Safety Jessie Bates is far from the first player to fly in under the radar only to attain great heights during his football career at Wake Forest.

The big surprise is how fast Bates’ career trajectory began spiking toward the stratosphere.

Spurned by every college program other than Toledo, Ball State, Iowa and Wake Forest, Bates needed only nine games of his redshirt freshman season to rank second in the ACC with five interceptions. He’s also second on the Deacons with 63 tackles and is set to start for the eighth time this season Saturday at Louisville.

With redshirt senior Ryan Janvion ruled out of the game with an injured toe and redshirt sophomore Cameron Glenn questionable because of a shoulder injury, Bates may well be the only player in Wake Forest’s regular rotation at safety available to face the Cardinals and dynamic quarterback Lamar Jackson.

Coach Dave Clawson said the bottom line is not that he and his staff saw something in players like Bates that others did not, but that they knew they had to if the Deacons were ever going to be good.

Ready-made players rarely pick Wake Forest.

“People say it’s bad to say it, (but) we are a developmental program,’’ Clawson said. “That’s our sweet spot, guys like Jessie Bates. Guys like (defensive end) Duke Ejiofor. Guys like (linebacker) Marquel Lee.

“Our hit ratio on developing those guys has to be really high here.”

The Jessie Bates that Wake Forest began recruiting during his career at Snider High School in Fort Wayne, Ind., was 6-2, 185 pounds and ran the 40-yard dash in 4.8 seconds. Today, he weighs 200 pounds and runs the 40-yard dash in 4.52 seconds.

The Jessie Bates that Wake Forest began recruiting had already committed to Toledo, and was pretty determined to follow through on his promise to play for Matt Campbell and the Rockets.

“I didn’t think I was going to decommit,” Bates recalled. “I can’t even lie. Me and my mom were set on Toledo.”

Clawson said there’s a simple reason Bates was underrated by those who follow college recruiting.

“The players that get a very high rating are guys who go to the camps,’’ Clawson said. “Jessie played football, he played baseball, he played basketball. He was a three-sport athlete, so he didn’t get all the recruiting attention that just a football player would get who goes to every one of those different combines.

“We saw a guy who had a great senior year, who was a great basketball player, who was a really good baseball player. Sometimes those guys become the best football players because, once they get to college and just focus on football, their improvement is really good.”

Only after two other recruits chose not to honor their earlier commitments did the Deacons even have a scholarship to offer Bates. By then, defensive coordinator Mike Elko was hot on Bates’ trail, and traveled to Fort Wayne to try to convince Bates and his mother to make a recruiting visit to Wake Forest.

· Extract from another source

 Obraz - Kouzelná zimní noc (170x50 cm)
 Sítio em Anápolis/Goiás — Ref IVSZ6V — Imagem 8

Iowa also offered late, making it a tough decision for Bates and his mother, Theresa Ladd, to travel to Iowa City or Winston-Salem. When they did begin the drive south, through a snow storm, they followed Interstates 75, 64 and 77 into North Carolina.

Clawson has said he wasn’t certain Bates was going to show up until the moment he arrived.

“My mom wasn’t sure if we wanted to (visit) or not,” Bates said. “We were pretty fully committed to Toledo. I had a really good relationship with Campbell, and I felt I had my mind made up with Toledo.

“(Wake Forest) did a good job of recruiting and getting me down here. And I committed.”

He bonded immediately with Glenn, who he describes as one of his best friends. But he also weighed the difference between playing in the Mid-American Conference and the ACC.

“(It was) just getting around all of the freshmen then, and just understanding the opportunity that it was, to play in the ACC and play against the bigger schools,” Bates said. “It was a better opportunity and I felt like, education-wise, if I had a Toledo degree or a Wake Forest degree, they would take the Wake Forest degree other than the Toledo degree.”

Since the ACC began naming the Defensive Rookie of the Year, Merrill Noel, in 2011, has been the only player from Wake Forest to win the award. Bates moved into strong contention last Saturday when he made two plays that decided the 27-20 victory over Virginia. On the first, he deflected a pass that his buddy Glenn picked off and returned 41 yards to set up a game-tying field goal. On the second, he picked off a pass and bolted 39 yards for the game-winning touchdown.

He’s no longer under the radar, but he’ll long remember a time when he was.